I am trying to make a template class that expects a lambda as input, stores it, and also stores in a vector
some elements of type = return type
of the lambda. But I don't know how to get that type, even though when an instance is built the lambda is known with also its return type.
I'd like the class to be constructed without giving template parameters (like std::array a{1, 2, 3}
).

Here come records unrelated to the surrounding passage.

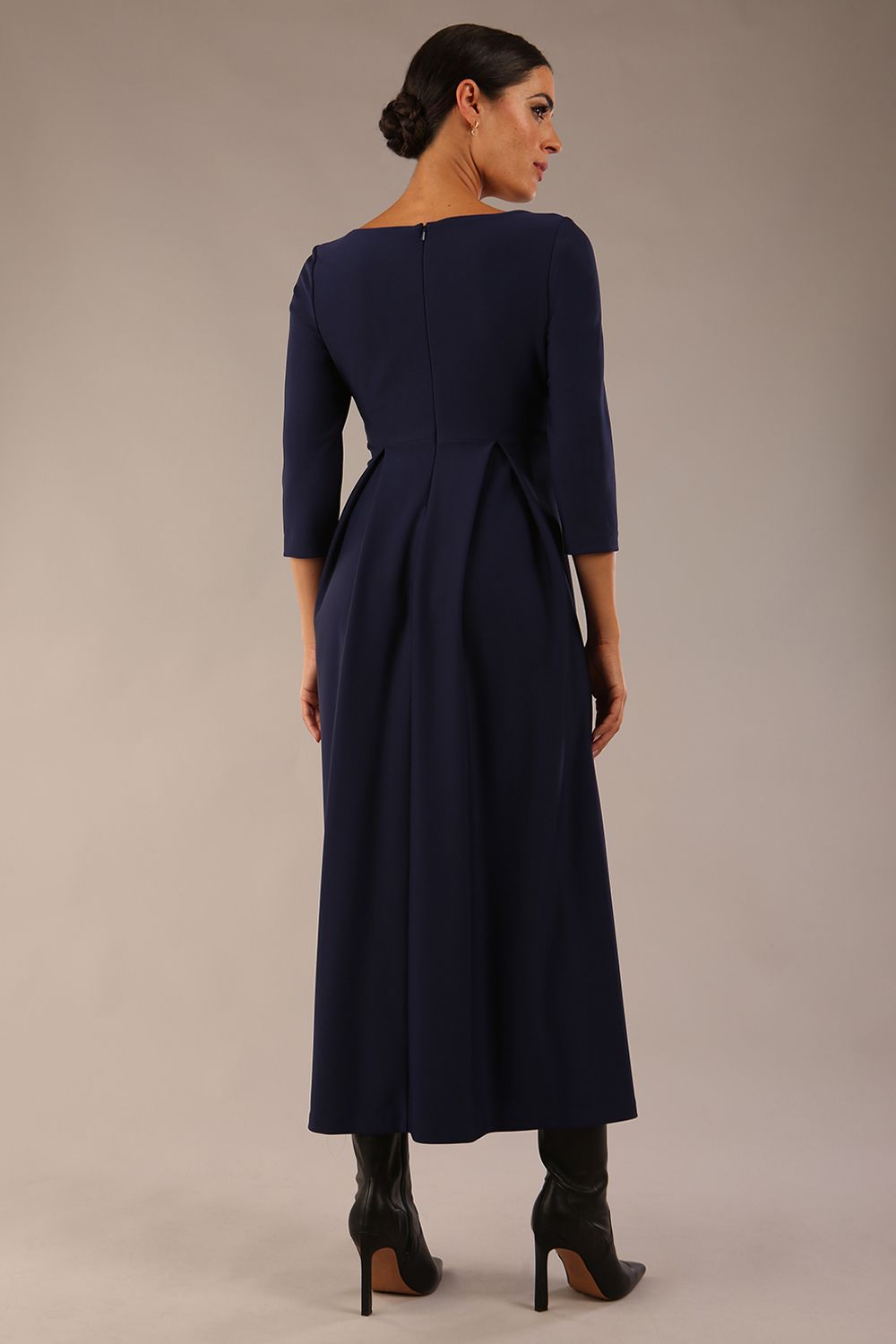 Brunette Model is wearing 3/4 sleeve sweetheart neckline swing navy blue dress (Navy Blue)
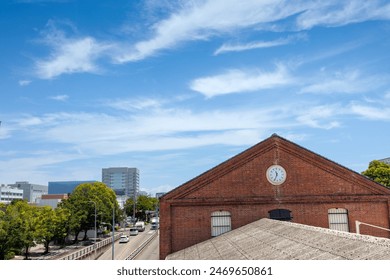Vintage Red Brick Building with Modern Clock - Powered by Shutterstock
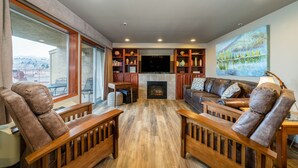 A spacious living room with a fireplace, wooden furniture, and a large window offering a view of the outdoors. - GrandView #102, 2-Bedroom Waterfront Condo (Chelan)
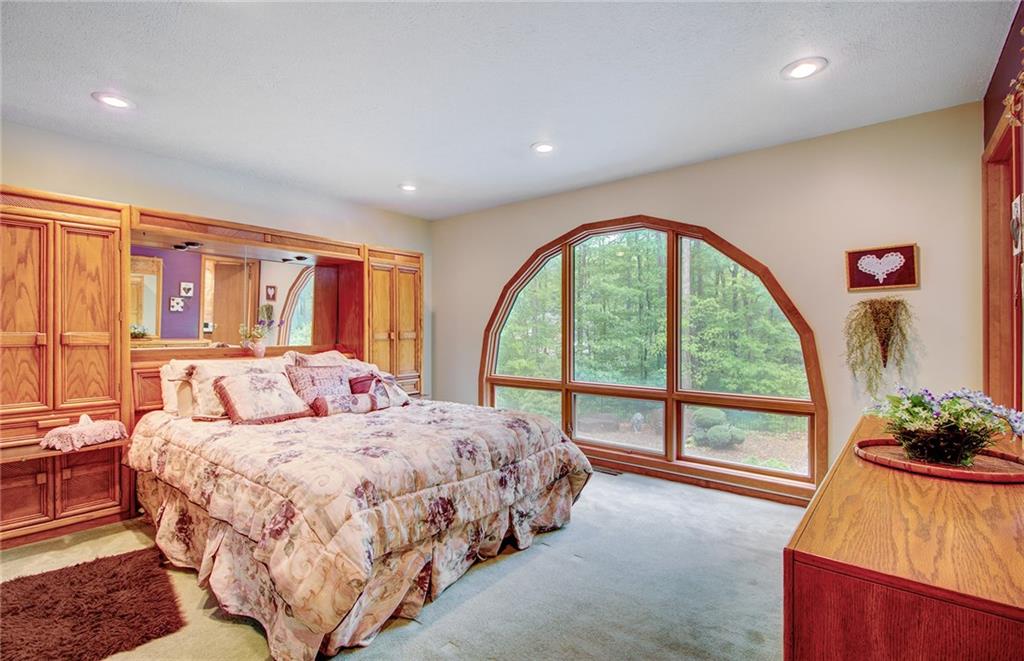 381 Branchton Road Slippery Rock, PA 16057 - Photo 11 of 25 Master Bedroom overlooks the swimming pool and the woods. Wake up here with your morning coffee in any season. 14x12 room has a master bath with soaking tub and shower.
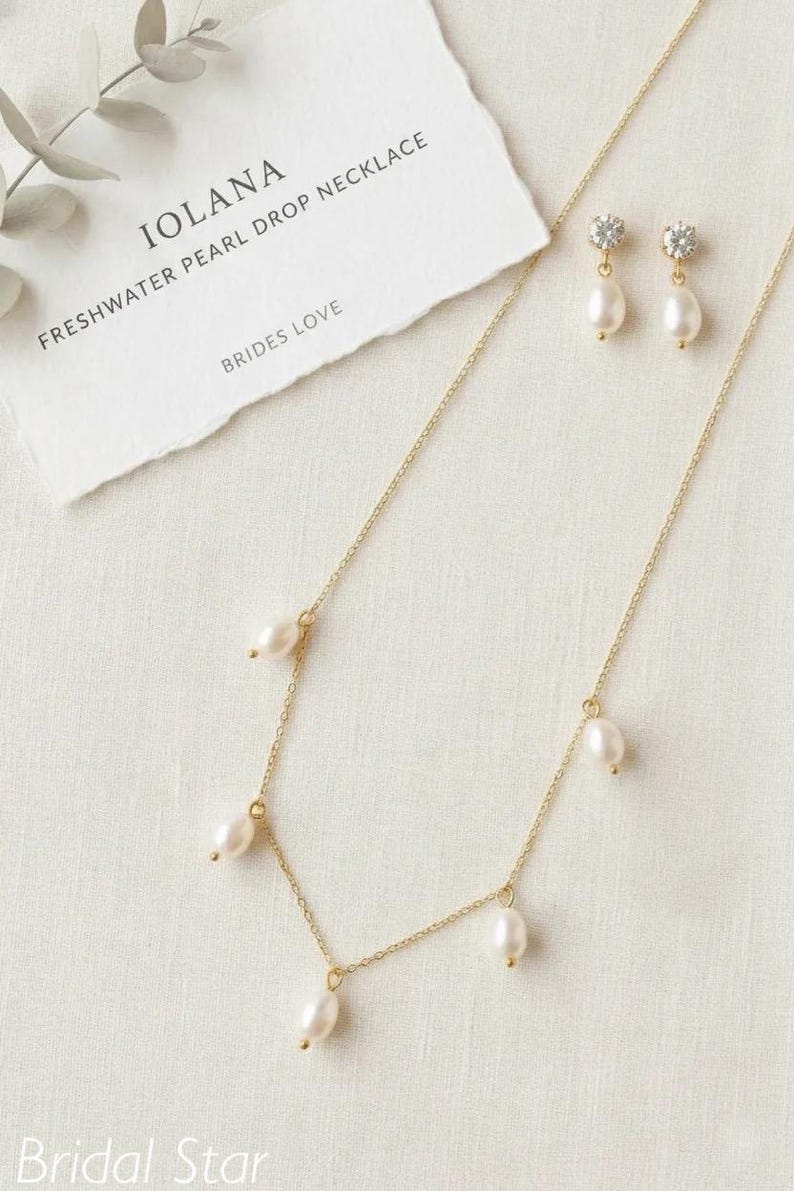 May include: A gold-toned necklace and matching earrings set with freshwater pearl drops. The necklace has multiple pearls suspended from a delicate chain. The earrings feature a pearl drop below a small, sparkling accent. The card reads "IOLANA FRESHWATER PEARL DROP NECKLACE BRIDES LOVE".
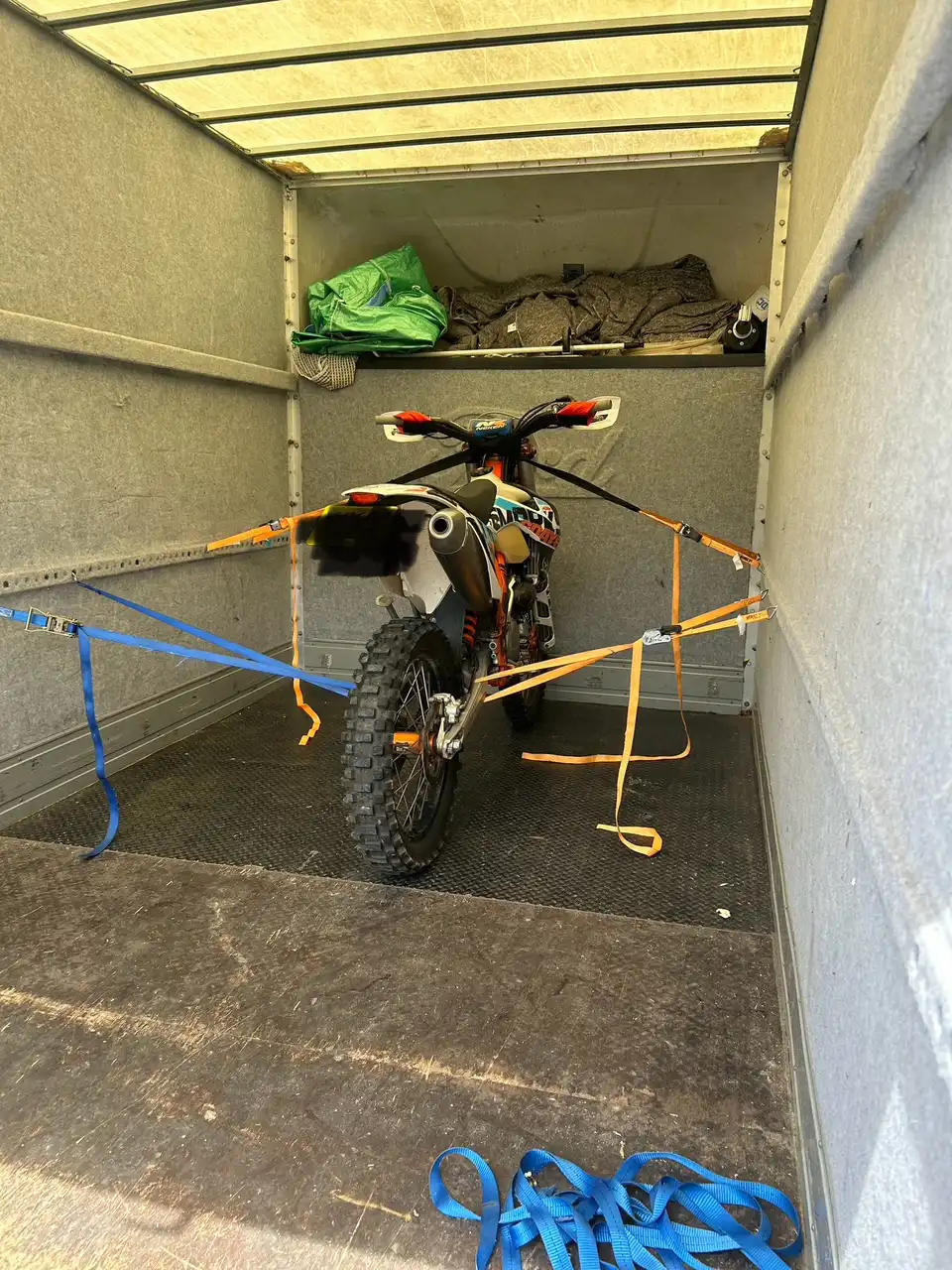 Motorbike securely strapped inside SDS Man and Van removal truck for safe transport in Plymouth Devon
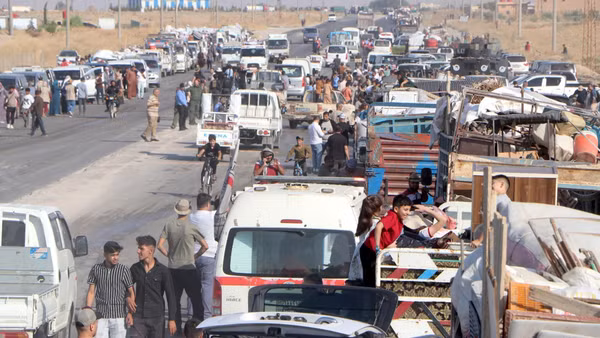 Người tị nạn Syria trở về nhà ở thành phố Ras al-Ain, ngày 10/8/2026. (Ảnh: THX/TTXVN phát)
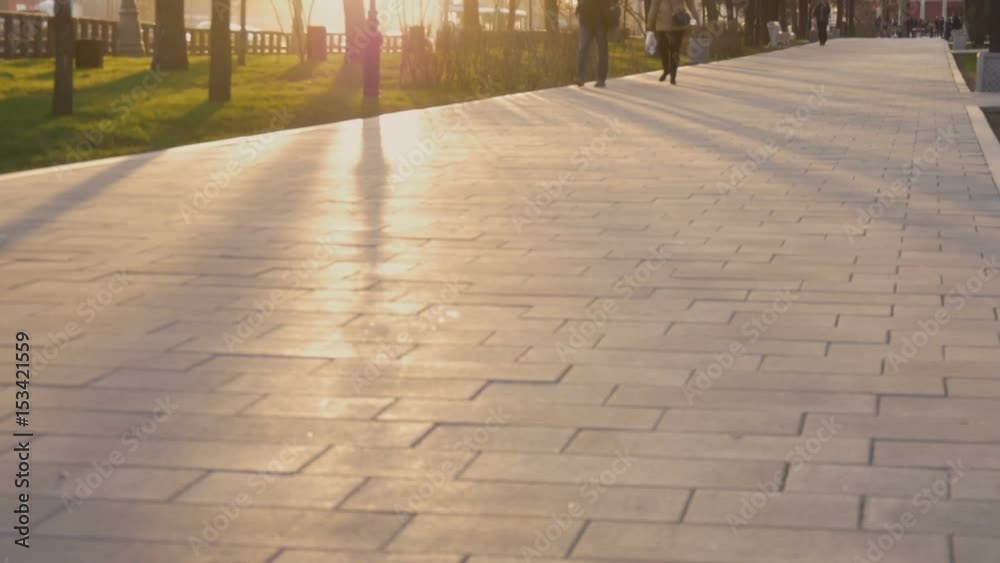 People go on a city street in sunset People go on a city street in sunset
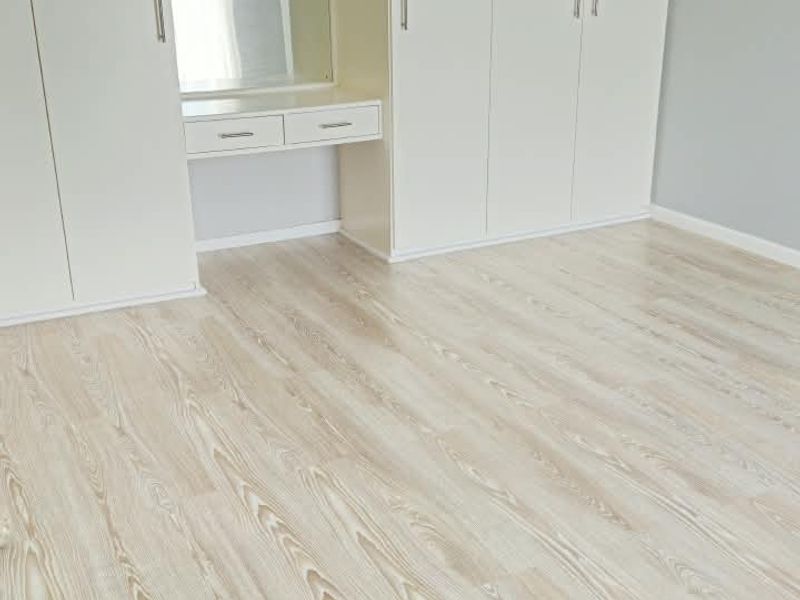 A bright, empty bedroom featuring light-toned laminate flooring, extensive built-in cabinetry with an integrated vanity, and exposed white ceiling beams.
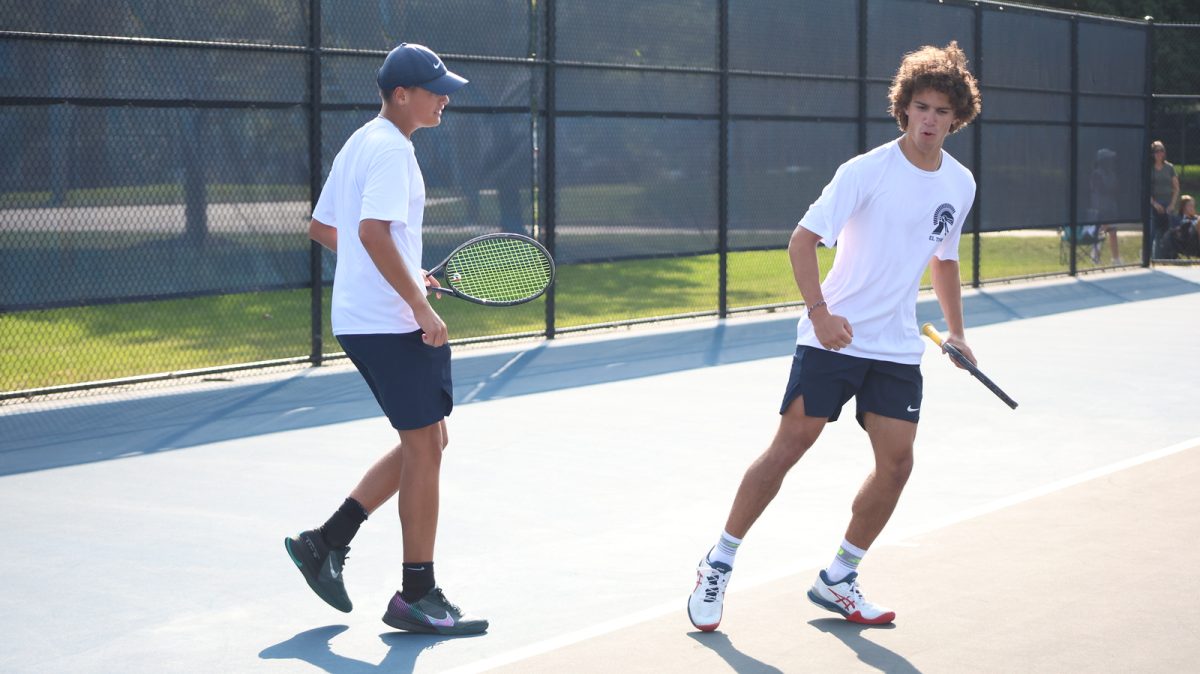 Gerrit Garcia (12) plays with his doubles partner Henry Mahler (12) against
Okemos on Sep. 11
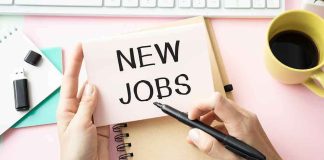 hands holding a note card over a desk with new jobs written on it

I tried with decltype(F::operator(double x))
but it doesn't work.
#include <vector>
template<typename F>
struct Foo {
using value_t = decltype(F::operator(double x))// <--- here I need to get the return type of the
// call operator of F!
Foo(const F& f) : _f(f), _vals(10, value_t{}), _has_vals(10, false) {}
value_t operator()(int i) {
if (_has_vals[i])
return _vals[i];
else {
_has_vals[i] = true;
_vals[i] = _f(i);
}
}
F _f;
std::vector<value_t> _vals;
std::vector<bool> _has_vals;
};
#include <iostream>
int main() {
Foo foo([](double x){ return 42; }); // <--- here I know that the lambda returns an int!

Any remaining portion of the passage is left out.